#### MATERIAL PROVIDED
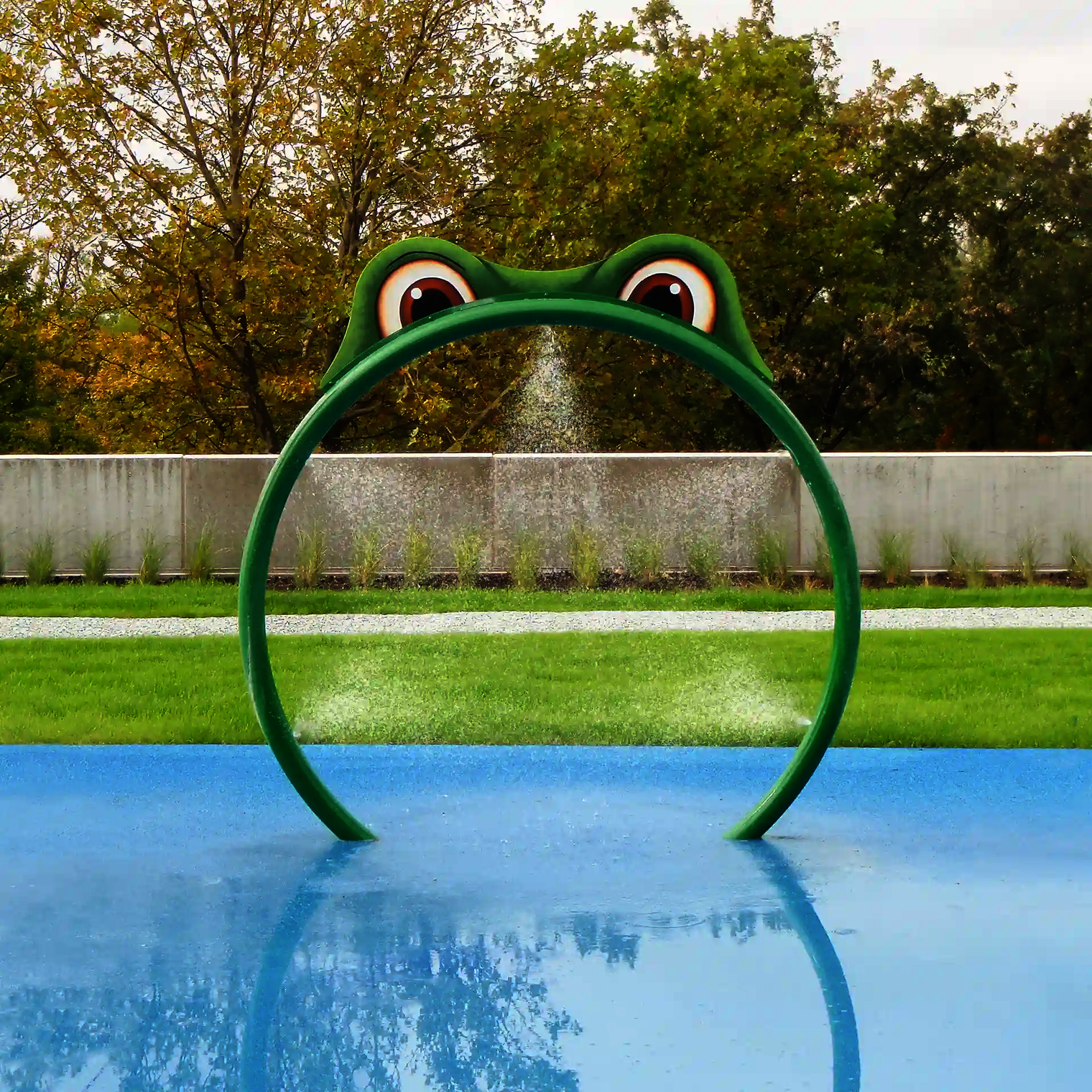 Wie-Spray Bauteil "Frosch" in parkähnlicher Umgebung.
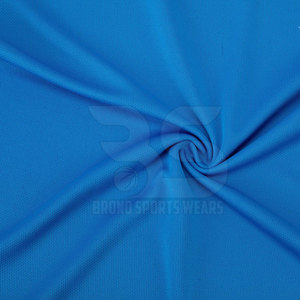 Tenue de football haute performance, tissu léger et respirant, conçue pour les entraînements intenses, les matchs et le jeu d'équipe - Product Image 6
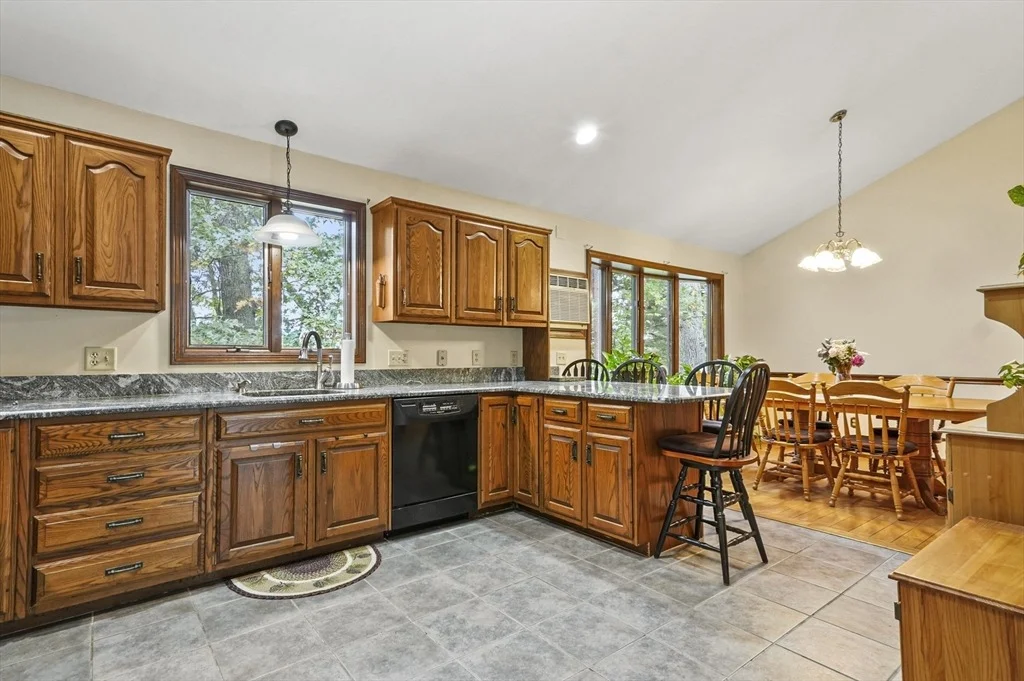 Photo of 28 Beacon Street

#### REQUIREMENT
Restrict the output to the lines from the one with "Tenue de football" through the last line of the material above. Print them exactly, leaving out every picture.

#### WORKED SOLUTION
 Tenue de football haute performance, tissu léger et respirant, conçue pour les entraînements intenses, les matchs et le jeu d'équipe - Product Image 6
 Photo of 28 Beacon Street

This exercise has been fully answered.